Era la otra roja de la familia que junto a mi padre seguía muy de cerca la Revolución Cubana.

Yo estaba entre las que no almorzaban en el cole. Volvía a mi casa al mediodía,  pero antes de tomar el ascensor tocaba el timbre del departamento de la tía Haydeé, que vivía en la planta baja con su mamá, la bellísima Margarita, la más dulce de las hermanas de mi abuela Josefa Martina. La tía me recibía con la boca llena, con una inmensa sonrisa en los labios pintados. Me abrazaba, me besaba. No sé cómo podía hacer todas esas acciones juntas y ¡además tragar su bocado y decirme -con intensidad- HOLA! Creo que porque era maestra, los maestros todo lo pueden.

Ella me hizo escuchar por primera vez Manuel, una historia tristísima de un trabajador que vivía tras las montañas. Mendigo a jornal fijo como él no hubo, entre olivos y trigos por un mendrugo... Del amo eran las tierras, camino abajo...  Le llamaban Manuel, nació en España, nunca nada fue suyo... Del amo era el olivo donde lo hallaron... Mi tía amaba a Serrat, escuchaba una y otra vez ese long play, Manuel era una de sus canciones preferidas.

¡Cómo se parecía a mi padre!
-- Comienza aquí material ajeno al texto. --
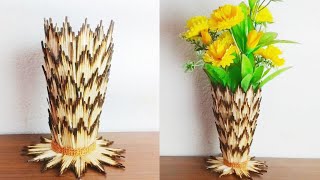 Matchsticks Craft Idea || DIY Flower Pot || How To Make Flower Vase/Pot From Matchsticks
No importaba lo peque que yo fuera, a los malos había que reconocerlos rápidamente y enfrentarlos. Creo que para ellos los cinco años ya se consideraban una buena edad para el desarrollo de la “concientización”.
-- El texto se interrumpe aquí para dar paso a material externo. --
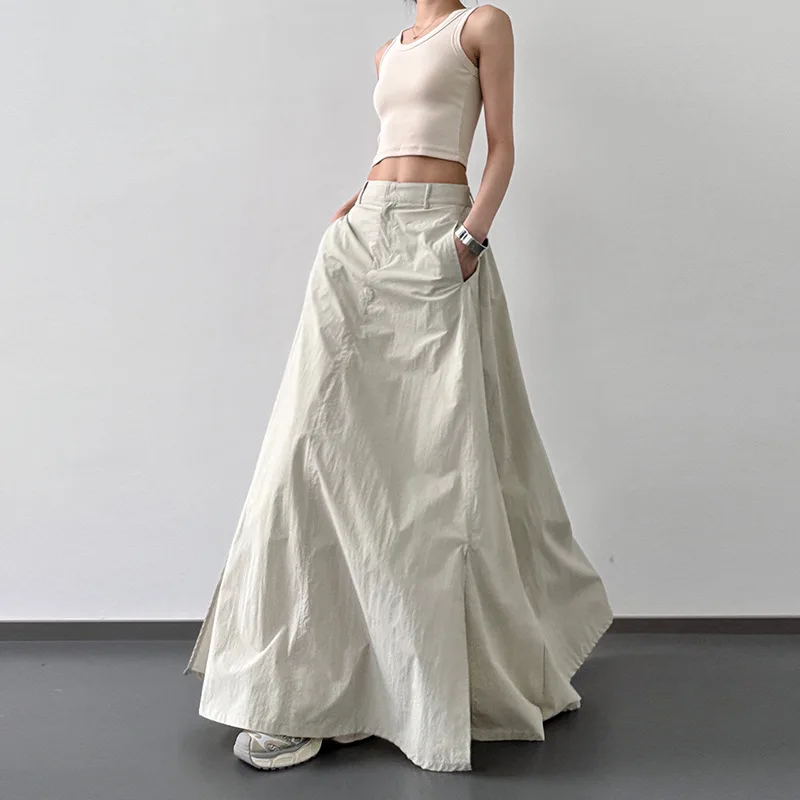 2026 New Summer Women's High Waist Skirt Lightweight Fabric Side Slit Sun Protection Long Skirt Casual Daily Wear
La tía hablaba muy pero muy fuerte. Podía asustar a alguna gente. No a mí porque mi amor era incondicional, muy por encima de sus decibeles. También quise a su marido y a su hija, que por suerte nació cuando yo ya era más grande y pude soportarlo, controlar mis ya clásicos celos.

Pero el vozarrón de la enorme tía Haydeé un día fue reemplazado por el rugir de una leona y un león.
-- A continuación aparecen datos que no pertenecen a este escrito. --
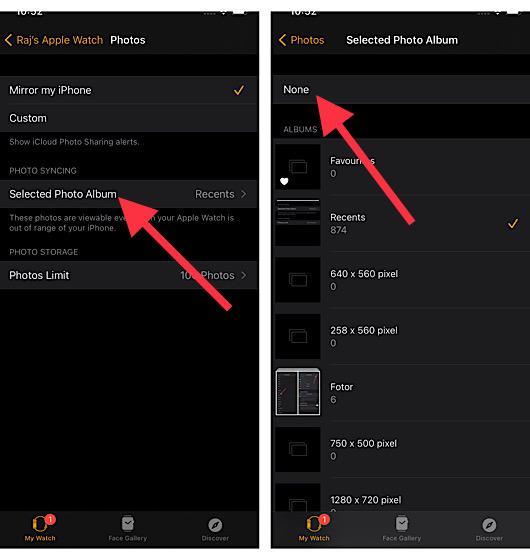 Disable photo syncing on Apple Watch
Una pareja de esos felinos fue exhibida en la Florería La Real, ubicada en la esquina de Pasco y San Juan, entre mi casa y el cole, barrio de San Cristóbal. Toda la enorme vidriera que daba a la avenida se convirtió en escenario para el público y hogar de la parejita. Les armaron una enorme jaula y allí vivieron por varias semanas, entre floreros, macetas, coronas y seres humanos. Porque los vendedores seguían atendiendo al público con total normalidad.

El barrio obviamente se convulsionó ¡Llegaron las cámaras de la tele! Canal Once se apropió de la esquina. Su imagen institucional era Leoncio, precisamente un leoncito ¡Cómo se iban a perder la oportunidad de promocionarse! “El capitalismo no escatima recursos para mantenerse en el poder”,  era lo que seguramente pensaban mi padre y la tía.

“Poner en riesgo el barrio, a los vecinos, un colegio a media cuadra de los leones, ¡Jorge!, esto no puede estar pasando, es peligroso”. La tía Haydeé trataba de poner algo de cordura a tan desopilante y peligrosa promoción para vender flores: “¡Coronas van a vender! Coronas para los muertos que habrá si la pareja enjaulada decide abrir sus bocazas y merendar a niños, ancianos”.

Por favor, por favor, que no se lleven a la leona y al león, por favor que no llegue la revolución que yo soy feliz pasando todas las mañanas antes de ir al cole, siempre llegando tarde, pero ahora con justa causa: quedarme fascinada mirándolos a través del vidrio, aunque no muy cerca, por seguridad (las palabras de mi tía Haydée habían hecho mella en mi imaginación).

Mis deseos, mis súplicas -no diré plegarias porque estaban excluidas de mi vocabulario- fueron escuchadas, no sé si por algo del orden de lo celestial o por algún miembro de un comité central Rojo que decidió mantener en suspenso el avance de la posible insurrección del pueblo de San Cristóbal. Yo, muy agradecida.

No recuerdo si entré a la florería, no sé si se vendieron más flores. Tampoco me enteré de cómo llegaron allí la leona y el león, mucho menos de cómo se fueron. Canal Once partió con ellos, de a poco el barrio volvió a ser el de siempre y la tía Haydeé recuperó su potente voz, esa voz que nunca perdió del todo. La de una mujer que se tomó su tiempo para casarse y ser madre, la de una luchadora vital y sensible, que amaba Cuba, a Fidel, al Che.

Las mujeres debemos tener un cuarto propio, como bien escribió Virginia en los años 20 del siglo 20, justo dos años antes de que naciera Haydeé. Pero primero tenemos que descubrir y potenciar una voz propia para no callarla ante nada, ante nadie.